Tuesday, May 20, 2008

Microsoft Joins One Laptop per Child

The nonprofit organization's alliance with Microsoft will bring Windows XP to the poorest children, and could give OLPC a much-needed boost

http://images.businessweek.com/story/08/600/0515_olpc.jpg

Just four months after a messy breakup with tech giant Intel, the One Laptop per Child organization on May 15 announced an alliance with another tech behemoth—Microsoft. The two will make Microsoft's Windows XP operating system available on OLPC's XO laptop, which was designed to help educate the world's poorest children.

The tieup was no surprise. OLPC has long talked about putting a Microsoft operating system on its little green-and-white machine.
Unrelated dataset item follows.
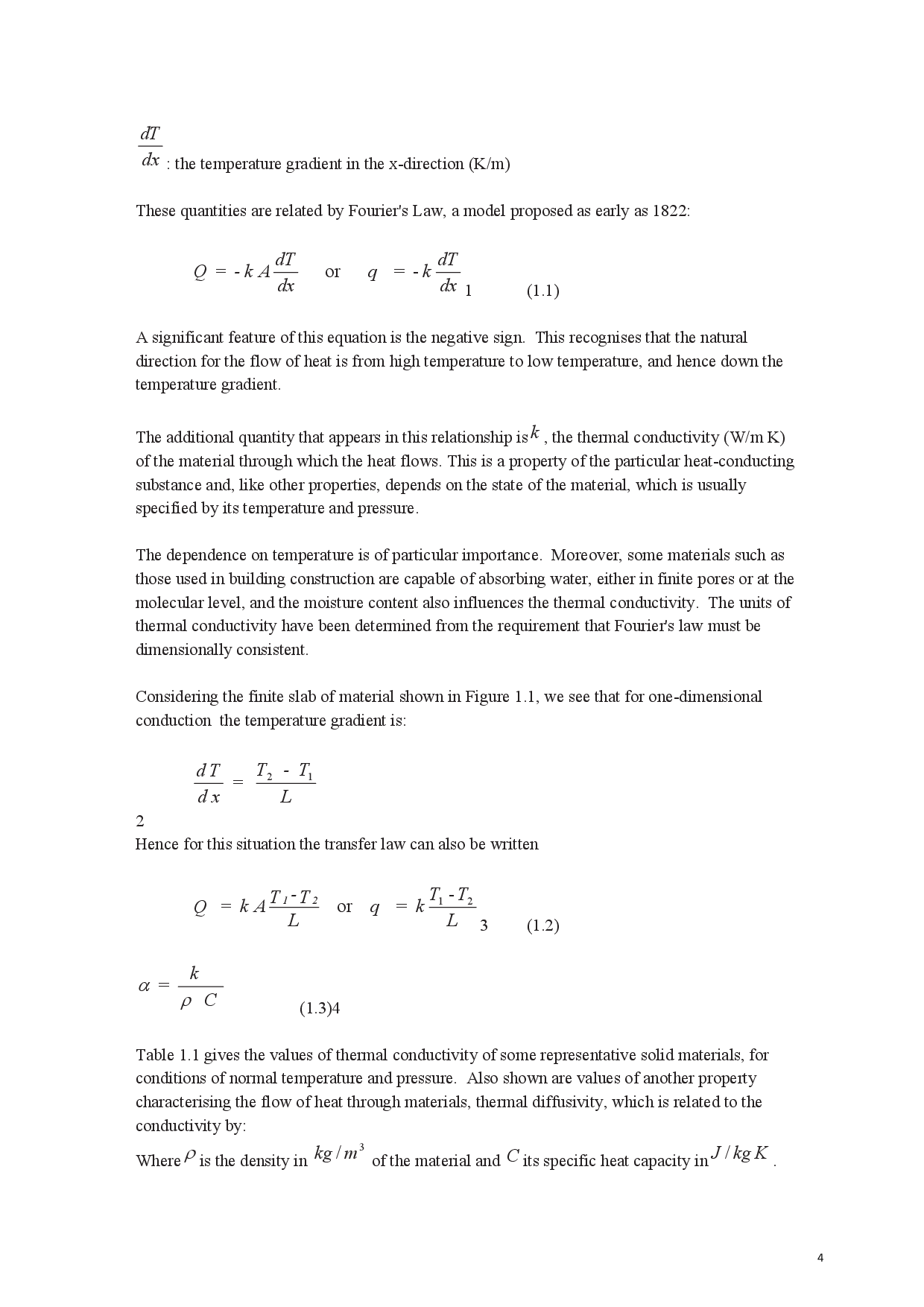 WBUT Study Material For Heat Transfer (Mechanical Engineering) V Sem - Page 5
With Microsoft on board, tens of thousands of educational software applications designed to run on Windows can now be used on the XO, making it more useful in schools and acceptable to government ministries. "This will have a huge impact on the psychology of OLPC. It brings us more into the mainstream of people's minds," says Nicholas Negroponte, OLPC's founder and chairman.

Microsoft says it got involved in the project partly at the urging of education officials in several countries. "A lot of people would like to see Windows running on that cute little green-and-white laptop," says James Utzschneider, general manager of marketing at the Microsoft division that promotes affordable computing in developing nations. He listed Egypt, Guatemala, Romania, and Russia.